The hardest thing about writing poetry -- at least as I'm able to see it -- is in getting real. I mean, that's "what it's all about," wouldn't you think? But go to an average poetry reading sometime -- even by published poets -- and really listen to what's being said. How much of it is honest? How much of it is the poet's self-selection of the truth? How much is self-justification? How much of it is the poet trying to hide -- from you, from him or herself? You might be surprised at how much honesty you really hear! Or, maybe not ... .

We look at the Anthology of ... or the Collected Works of ... , admiring the poet's power of expression and nuance -- and perhaps not think of the other stuff. The stuff this outstanding poetry we now admire stood out from.

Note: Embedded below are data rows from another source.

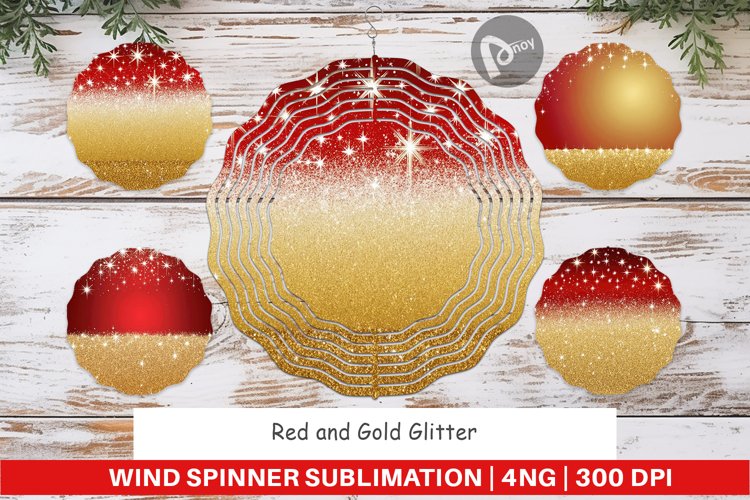 Wind Spinner Red and Gold Glitter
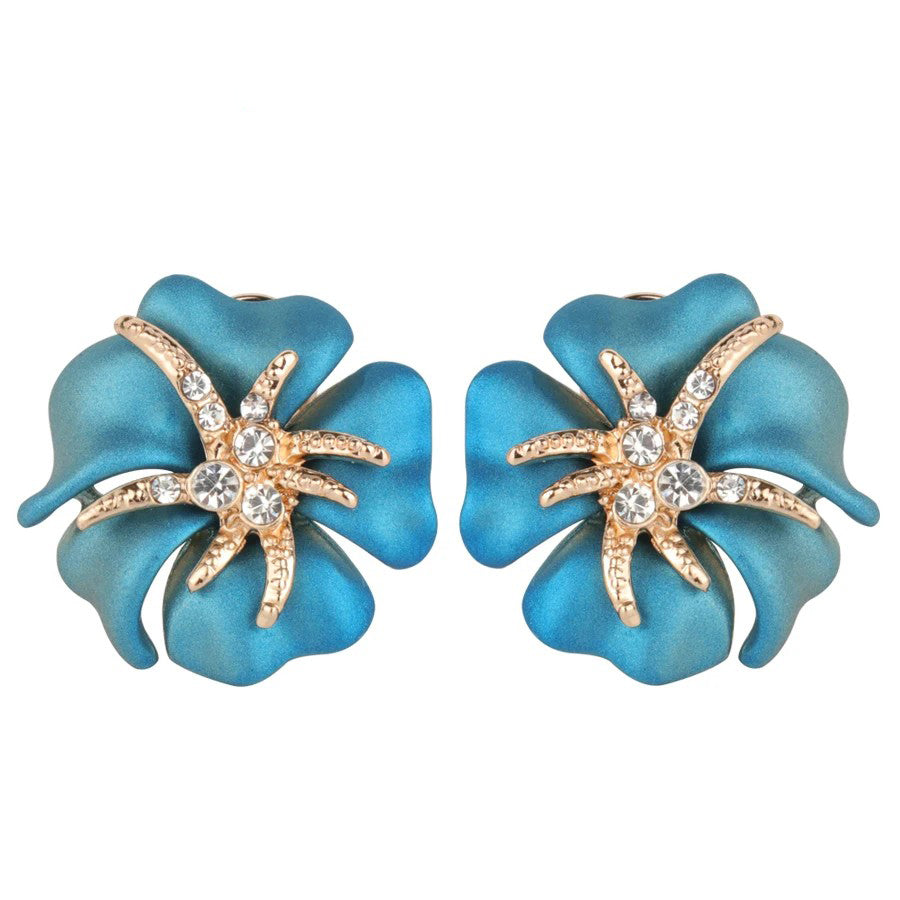 Blue Enamel Crystal Earrings
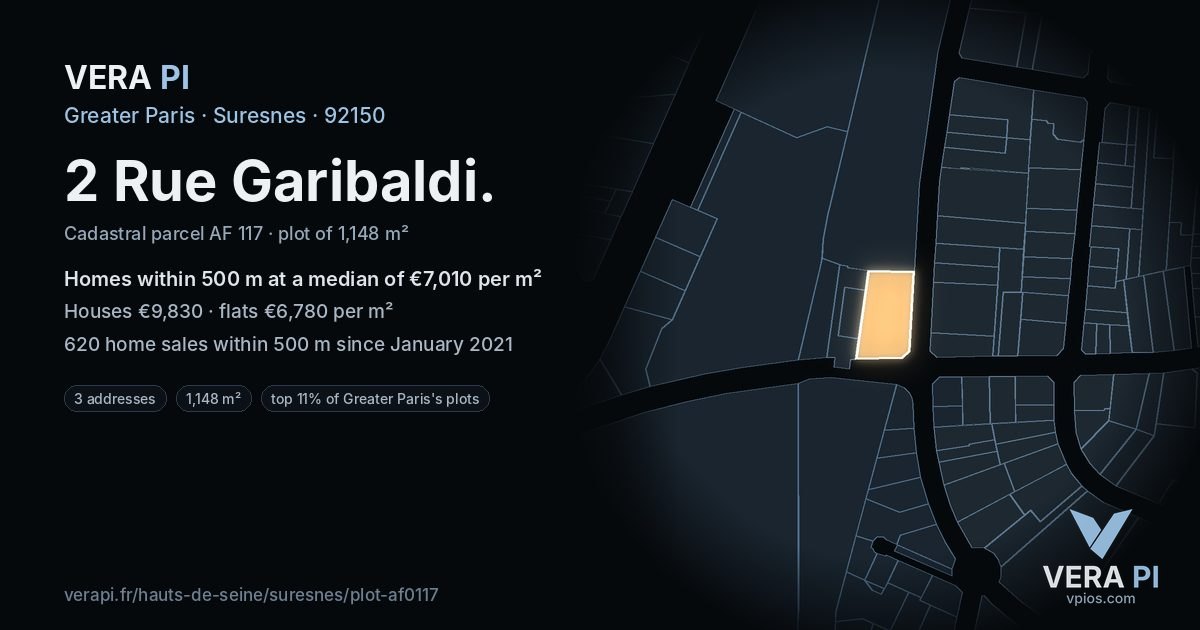 2 Rue Garibaldi, Suresnes at night – the plot lit, the parcels around coloured by the prices near them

And when you look at some of that "other stuff", you can see readily what makes the collected or anthologized poetry stand out from the rest: honesty. Fidelity to truth, at least as much of it as the poet is able to apprehend and communicate through the medium of poetry.

It gets down to the word itself. I can remember one poet saying that some activity or another (walking in the woods, admiring a sunset, whatever) really "stokes my muse." How on Earth, thought I, do you "stoke a muse?"

You can stoke a fire, you can obey a muse -- but how do you "stoke a muse?" OK, what he obviously meant is that this particular activity really got him in the mood to write poetry. But his mixed metaphor betrayed his (perhaps unconscious) feeling that he was in control of the process -- the fact that the process was there long before either of us existed did not seem to occur to him. And his cracked verbiage revealed that flaw in his thinking.

I do remember logic class: I remember it clearly because the first instructor was so bad I decided to audit the same course a year later by a professor I really respected (and, in memory, still do). He spent at least a month going over so-called "informal" fallacies: not the "therefore, all men are Socrates" fallacies of formal logic, but the "When did you stop beating your wife?" type of fallacies. Those are the kind of fallacies that crack your thinking before you even begin to reason.

It's important to mention now, because I hear those informal fallacies all the time: hasty generalization, jumping to conclusions, ad hominem arguments, etc. The title for them all is more Latin: non sequitur. "It does not follow."

Emotional honesty is vital to all expression, especially poetry. Its very life blood is most transparent in free verse. Which is one reason that particular form remains popular: the minute you "talk falsely" at Open Mic Night, you're busted.

But in formal verse, craft can sometimes disguise dishonesty: emotional, intellectual, and spiritual. That's why you have to have a solid purpose and a strong foundation before you can start writing it successfully.